15-11 Inventory planning
The Rinky Dink Company makes machines that resurface ice rinks. The demand for such products varies from month to month, and so the company needs to develop a strategy to plan its manufacturing given the fluctuating, but predictable, demand. The company wishes to design a plan for the next $n$ months. For each month $i$, the company knows the demand $d_i$, that is, the number of machines that it will sell. Let $D = \sum_{i = 1}^n d_i$ be the total demand over the next $n$ months. The company keeps a full-time staff who provide labor to manufacture up to $m$ machines per month. If the company needs to make more than $m$ machines in a given month, it can hire additional, part-time labor, at a cost that works out to $c$ dollars per machine. Furthermore, if, at the end of a month, the company is holding any unsold machines, it must pay inventory costs. The cost for holding $j$ machines is given as a function $h(j)$ for $j = 1, 2, \ldots, D$, where $h(j) \ge 0$ for $1 \le j \le D$ and $h(j) \le h(j + 1)$ for $1 \le j \le D - 1$.
Give an algorithm that calculates a plan for the company that minimizes its costs while fulfilling all the demand. The running time should be polyomial in $n$ and $D$.

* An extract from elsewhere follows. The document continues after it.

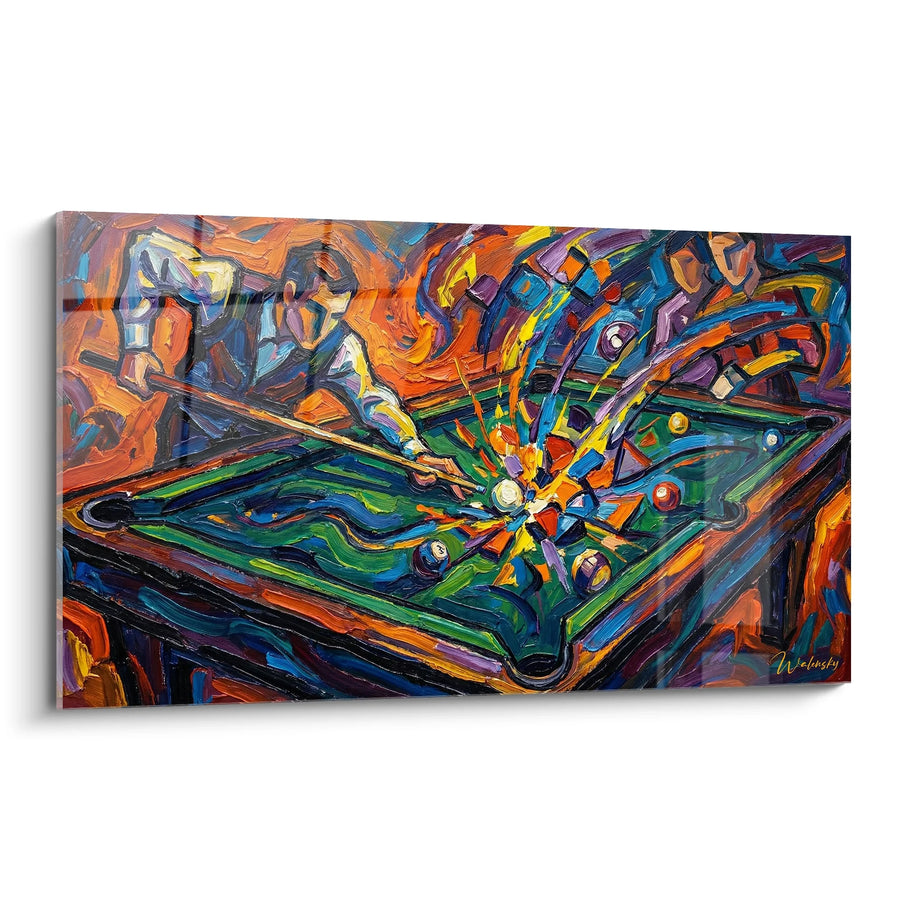 Tabellone da biliardo espressionista - Esplosione di colori - Edizione biliardi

Our subproblems will be indexed by and integer $i \in [n]$ and another integer $j \in [D]$. $i$ will indicate how many months have passed, that is, we will restrict ourselves to only caring about $(d_i, \dots, d_n)$. $j$ will indicate how many machines we have in stock initially. Then, the recurrence we will use will try producing all possible numbers of machines from $1$ to $[D]$. Since the index space has size $O(nD)$ and we are only running through and taking the minimum cost from $D$ many options when computing a particular subproblem, the total runtime will be $O(nD^2)$.